### Exercise material
========================================================================

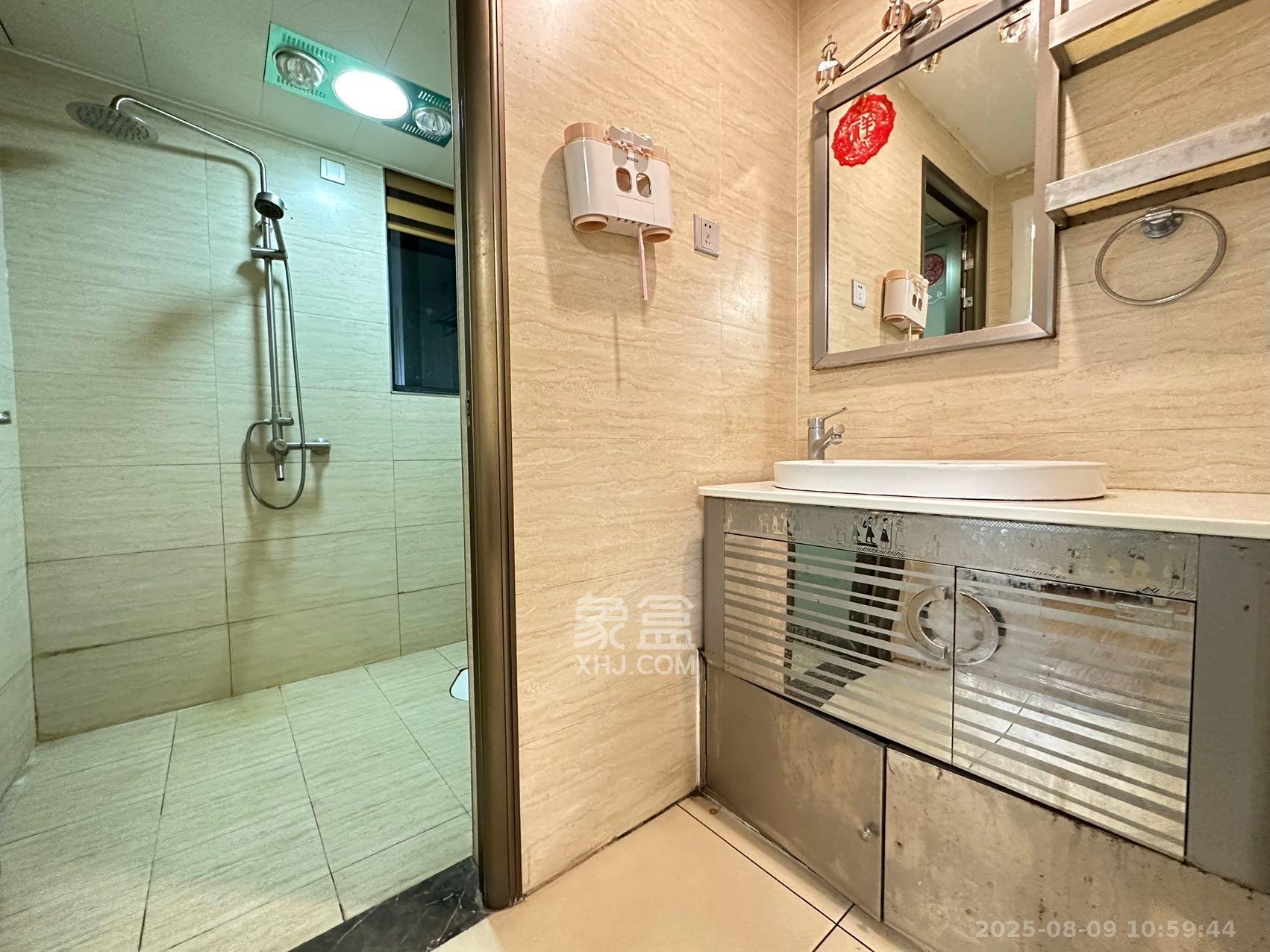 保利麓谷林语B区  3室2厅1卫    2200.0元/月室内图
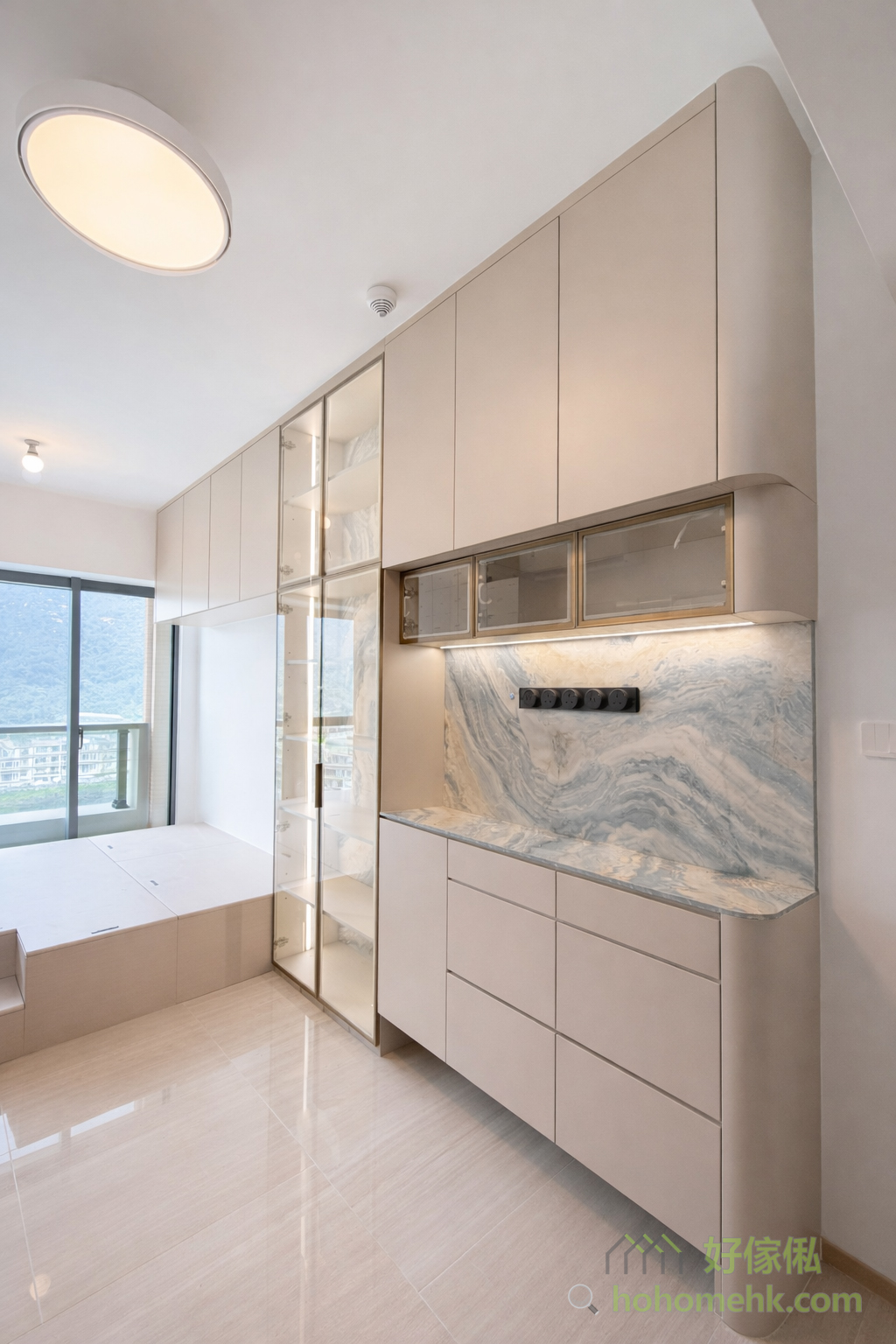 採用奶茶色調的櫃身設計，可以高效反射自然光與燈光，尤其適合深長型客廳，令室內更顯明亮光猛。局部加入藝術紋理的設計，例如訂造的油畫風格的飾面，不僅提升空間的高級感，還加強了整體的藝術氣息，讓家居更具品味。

========================================================================

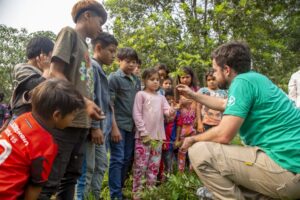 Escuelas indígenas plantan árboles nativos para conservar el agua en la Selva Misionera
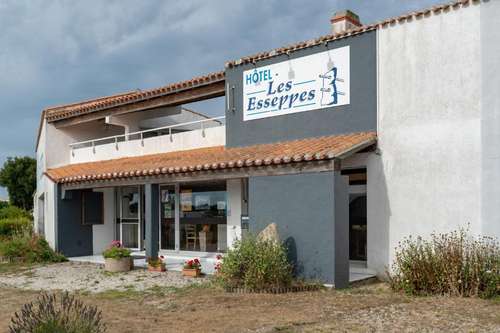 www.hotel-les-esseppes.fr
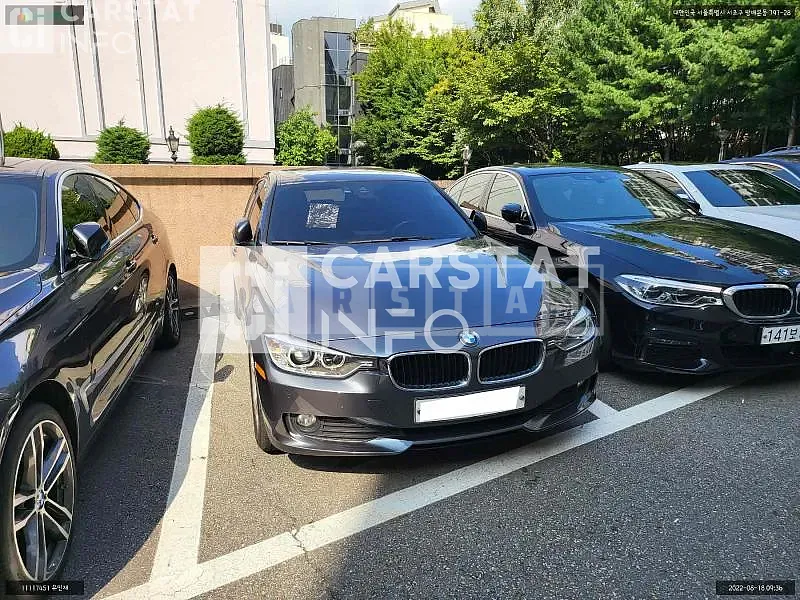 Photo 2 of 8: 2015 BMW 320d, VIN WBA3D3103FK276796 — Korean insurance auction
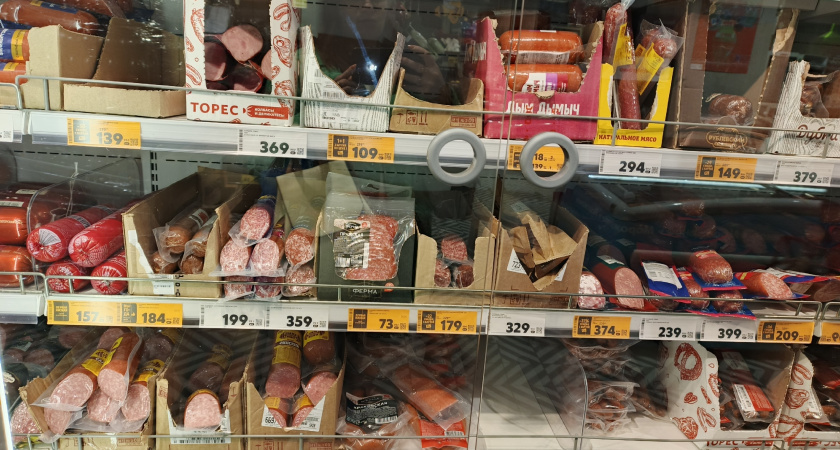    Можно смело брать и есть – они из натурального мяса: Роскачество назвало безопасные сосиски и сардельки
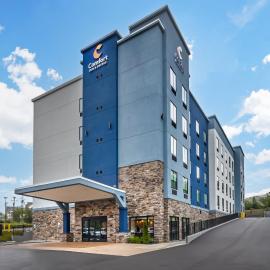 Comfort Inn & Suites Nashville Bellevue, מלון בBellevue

========================================================================

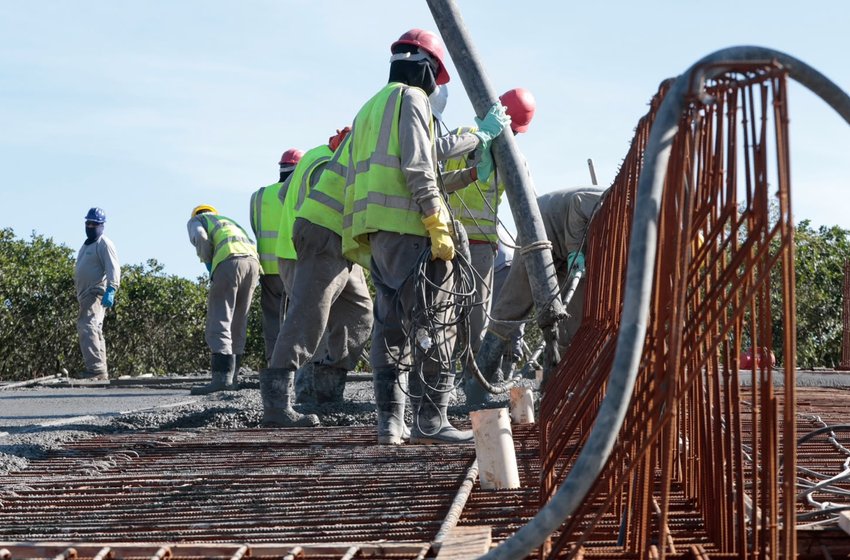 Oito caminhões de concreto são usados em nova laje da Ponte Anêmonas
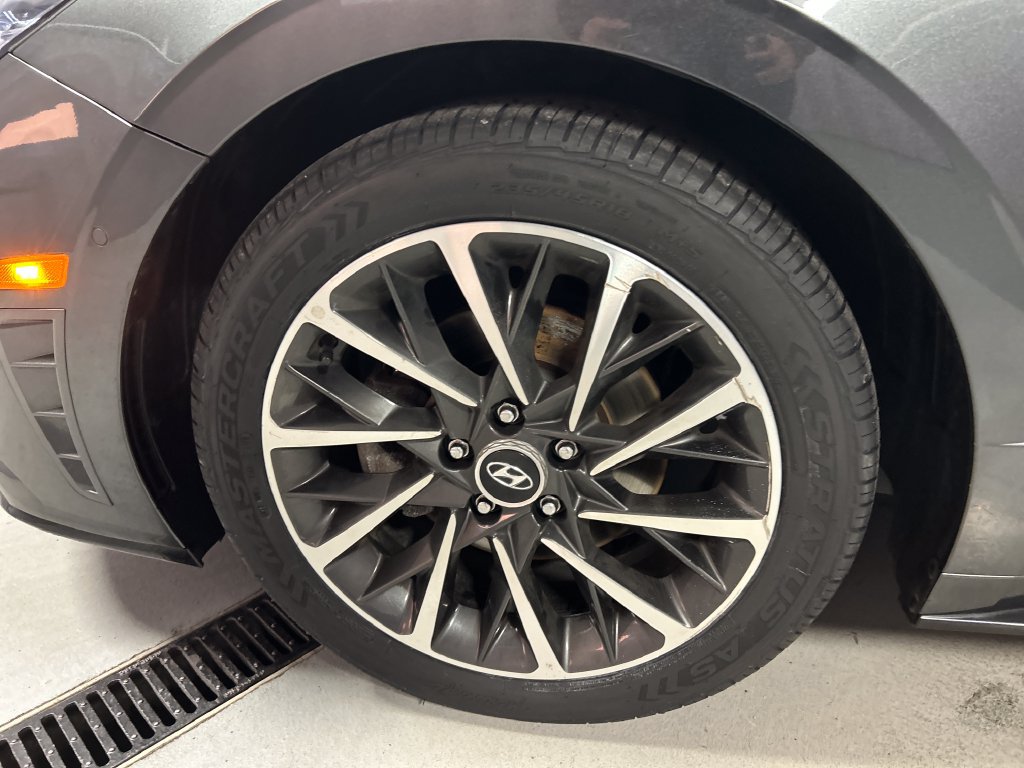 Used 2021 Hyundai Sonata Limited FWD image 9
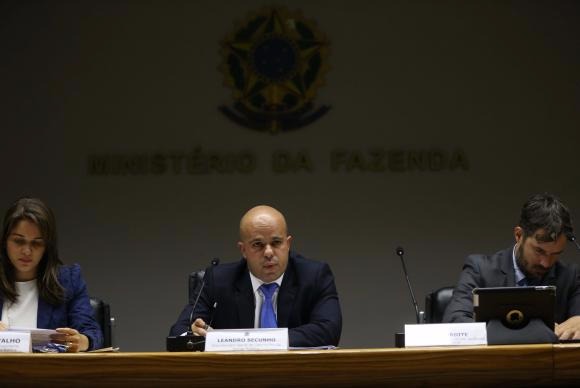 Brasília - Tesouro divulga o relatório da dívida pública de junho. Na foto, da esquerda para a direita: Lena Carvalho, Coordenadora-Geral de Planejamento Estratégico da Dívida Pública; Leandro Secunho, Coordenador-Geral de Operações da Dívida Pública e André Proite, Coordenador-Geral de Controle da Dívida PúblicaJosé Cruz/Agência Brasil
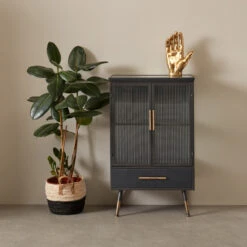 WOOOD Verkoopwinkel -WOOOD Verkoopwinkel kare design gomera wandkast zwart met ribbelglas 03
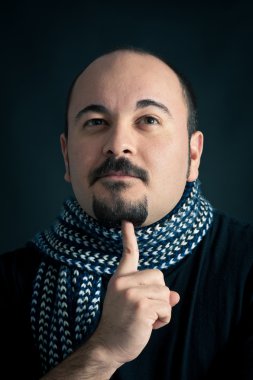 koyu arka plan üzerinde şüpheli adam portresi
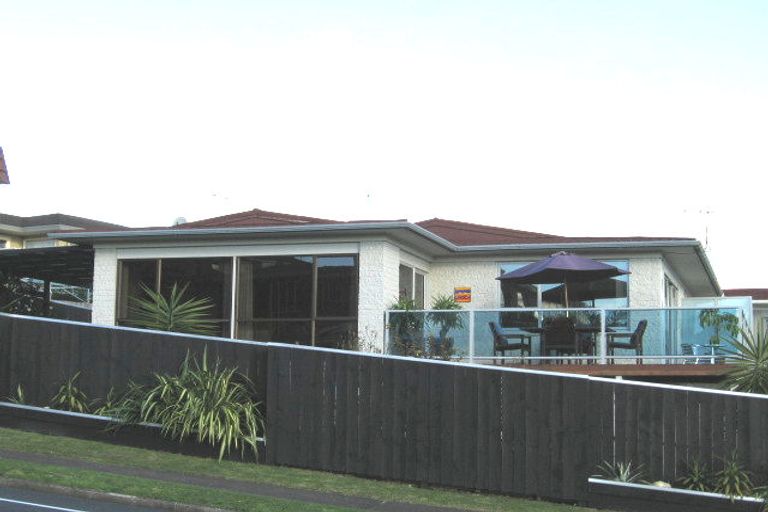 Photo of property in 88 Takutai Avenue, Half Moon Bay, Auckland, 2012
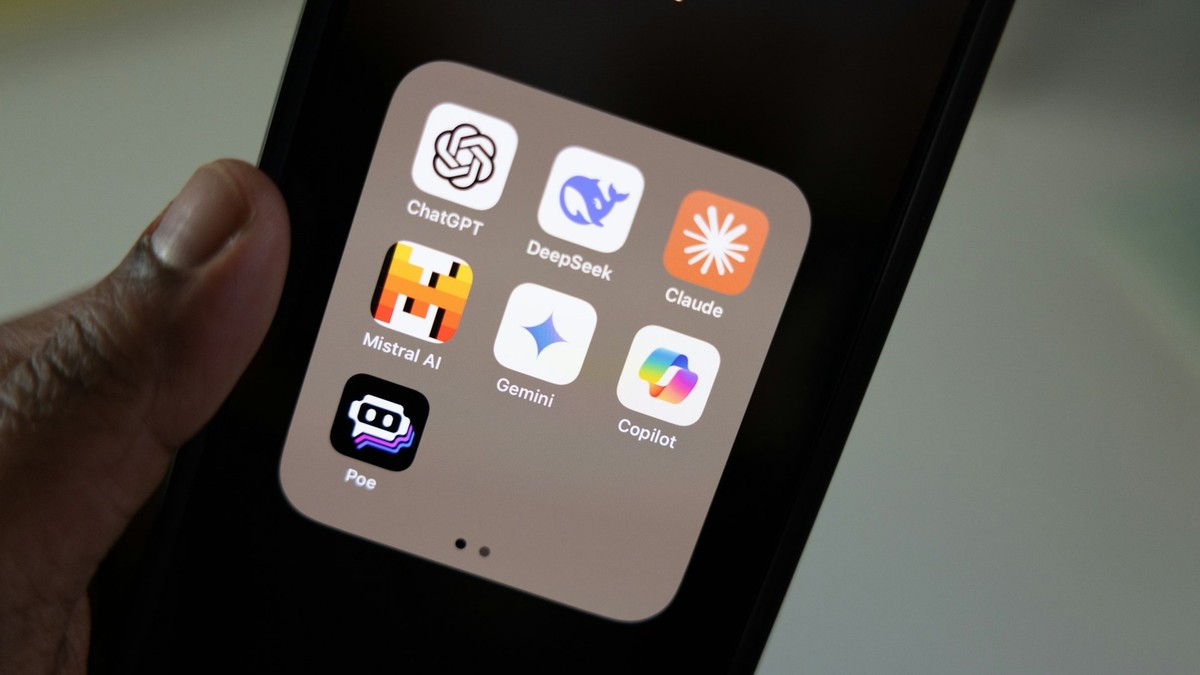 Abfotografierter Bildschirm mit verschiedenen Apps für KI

========================================================================

### Task to complete
Of the lines above, copy only those from the one holding "Можно смело брать" to the one holding "Comfort Inn &", both included, and exclude every image.

### Result below
    Можно смело брать и есть – они из натурального мяса: Роскачество назвало безопасные сосиски и сардельки
 Comfort Inn & Suites Nashville Bellevue, מלון בBellevue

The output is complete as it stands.